Si la soupe au giraumon haïtienne est aujourd’hui candidate au classement mondial du patrimoine culturel immatériel (PCI), c’est une tradition qui, au fil du temps, a perdu un peu de son sens patriotique dans certains endroits du pays, comme c’est le cas dans la commune de Gressier. En effet, plusieurs personnes dans cette zone admettent qu’elles se soumettent à ce rituel du 1er Janvier uniquement par habitude, sans trop savoir pourquoi. Une jeune habitante de Colombier 9 en témoigne avec une pointe d’humour : « Je n’imagine pas un 1er Janvier sans manger notre soupe au giraumon. Chaque année nous en faisons une quantité qui pourrait nourrir la famille pendant toute une semaine et nous partageons avec des amis dans les quatre coins du pays ».  Elle déclare n’en avoir appris le sens que cette année.

Tous les habitants n’ont pas la chance de cette jeune fille et avouent ne pas connaître le sens de cette coutume. « Je tiens à consommer et partager la soupe chaque année parce que mes ancêtres le faisaient et m’ont appris que c’est ce qui devait être fait », affirme un vieillard. Une femme entre deux âges avoue : « Ma mère en faisait tous les ans lorsque j’étais enfant, la plupart des Haïtiens le font, alors cela devient une tradition, je le fais aussi ». La plupart de ces habitants ne conçoivent pas leur 1er Janvier sans cette soupe, sans toutefois chercher à en connaître l’origine, ni ressentir un quelconque sentiment patriotique. Dans ces cas-là, le repas est plus associé au premier jour de l’année qu’à l’indépendance.
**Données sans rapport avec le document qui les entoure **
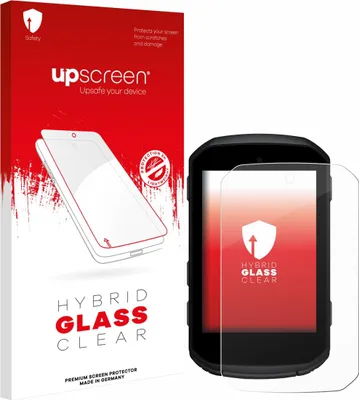Produktbild von upscreen Schutzglas für Garmin Edge 850 / 550 Schutzfolie Panzer Folie Glas Display Schutz klar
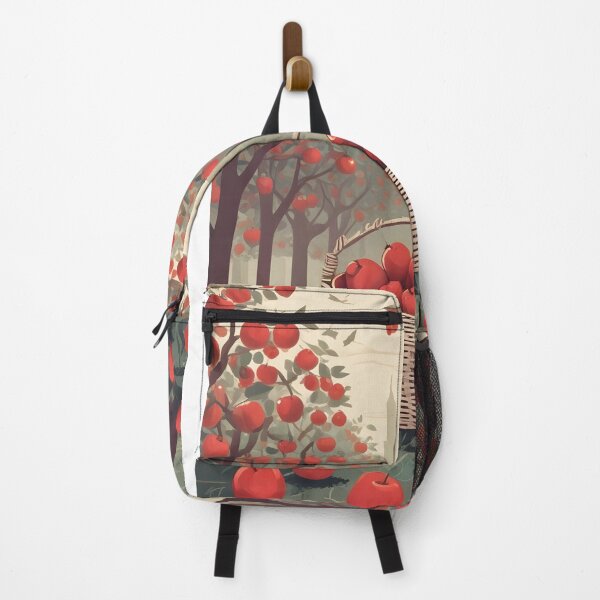Item preview, Apple Orchard with Basket of Red Apples designed and sold by ChromaLens.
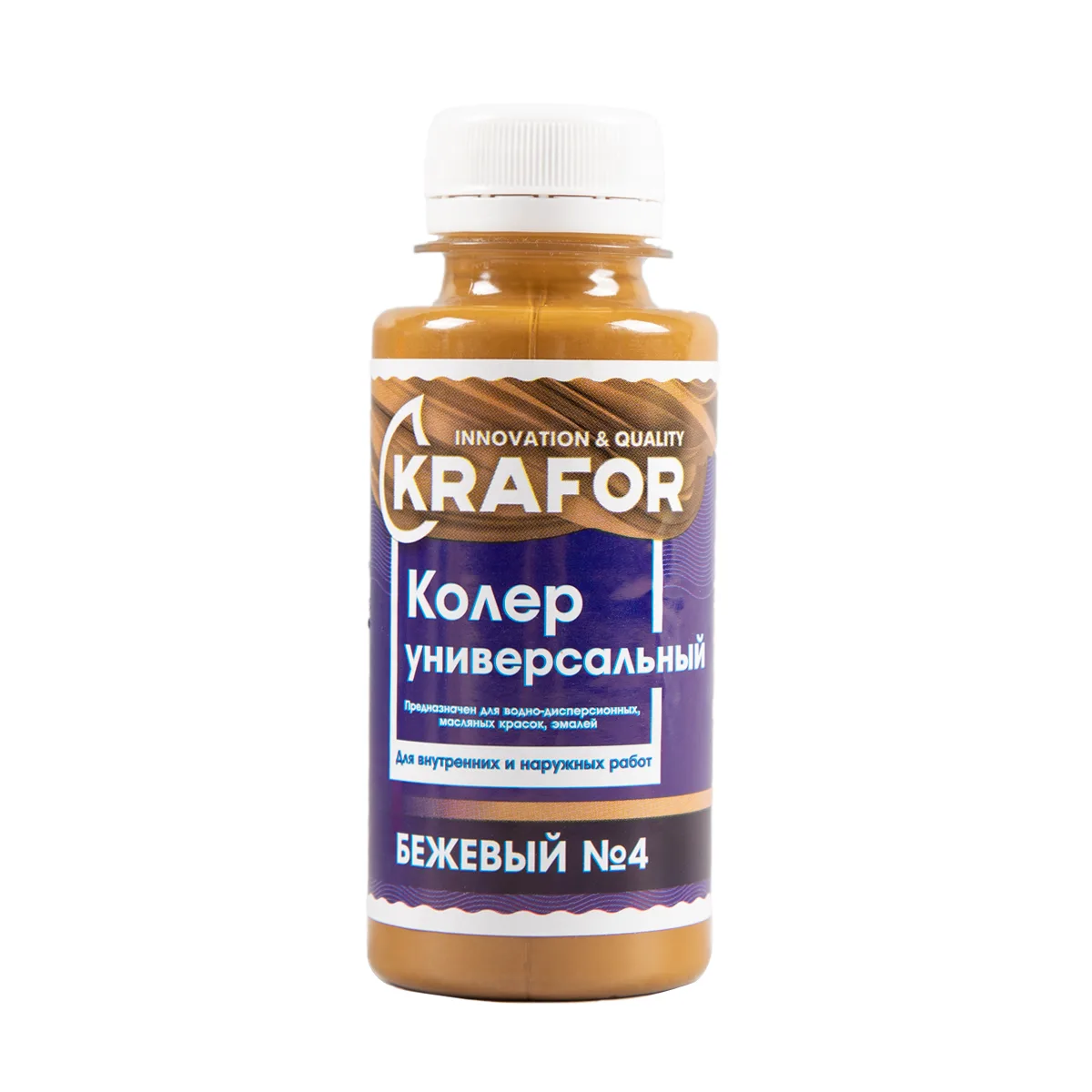 Колер универсальный №4 бежевый 100мл "Krafor"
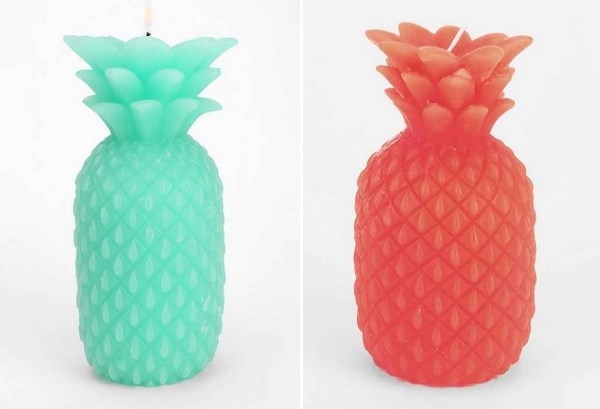 Pelarljus-färgglada-ananas-form-dekoration-idéer-somriga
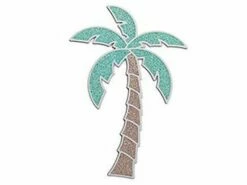 AquaStar Swim Designs Palm Tree Small Stencil Only | White | F1026-01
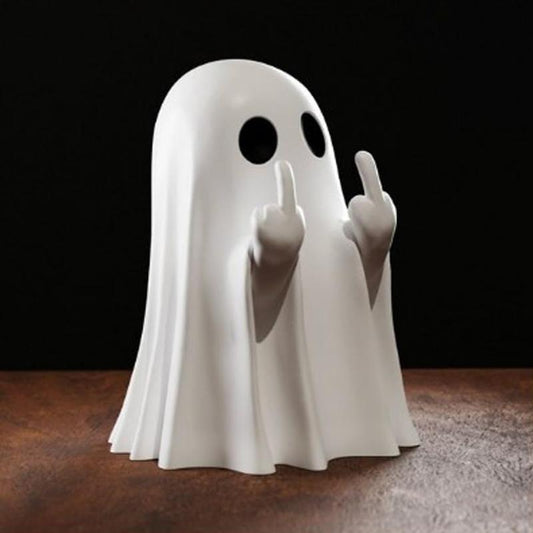 👻 Spooky Resin Middle Finger Ghost Statue☠️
Parallèlement, une autre catégorie, tout en reconnaissant l’aspect national et culturel de cette tradition, avoue n’en être pas adepte. En plus de ceux qui ne le font pas à cause de leur religion, cette catégorie regroupe aussi des gens qui ne voient tout simplement pas la nécessité de dépenser une somme qu’ils jugent « irraisonable » pour une soupe qu’ils peuvent boire à n’importe quel moment de l’année. « La soupe au giraumon le 1er Janvier est importante pour tous les Haïtiens puisque, avant, les esclaves n’y avaient pas droit. Je respecte cette tradition, mais je ne la pratique pas, à moins qu’un ami ne me fasse don d’un giraumon », confesse une dame.

En plus de cette lourde liste, le candidat au classement mondial du PCI voit se perdre chaque année quelques-uns de ses fidèles pratiquants à Gressier. Ces abandons découlent principalement d’une raison économique. « Cette année, il m’aurait fallu environ 750 gourdes pour acheter un giraumon moyen au marché. Ensuite, il aurait fallu acheter la viande à un prix élevé. J’ai préféré abandonner l’idée. Je ne suis pas malade », déplore une gressiéroise. Une autre mentionne qu’elle a fait un choix : « La soupe au giraumon du 1er Janvier représente beaucoup pour nous, Haïtiens, c’est vrai. Mais entre la soupe, le copieux repas du 2 Janvier et les enfants qui ont besoin d’outils pour le retour en classe le 4 Janvier, un choix raisonnable s’impose ». Le coût de la vie est donc un sérieux concurrent à cette pratique. Toutefois, la cause de la reddition est parfois plus profonde : « Indépendance, certes, mais qu’en avons-nous fait? Je n’en suis pas assez fier pour dépenser mon argent dans la soupe ».

Ce n’est, malgré tout, pas la fin de la traditionnelle soupe au giraumon. Il y a encore des gens qui en comprennent tout le sens et qui tiennent à perpétuer la tradition avec toutes ses valeurs : « Le partage, c’est la plus grande satisfaction de cette tradition. Les amis, les voisins, tous y ont droit même s’ils n’ont pas pu en faire », déclare avec enthousiasme une gressiéroise. D’autres affirment aimer tellement ce repas, qu’ils ne se limitent pas à la consommer une fois l’an. Et puisqu’il a été jugé bon de placer cette tradition au rang de PCI, puissent les responsables veiller à sa pérennisation et garder un œil sur l’évolution de son sens à travers le temps.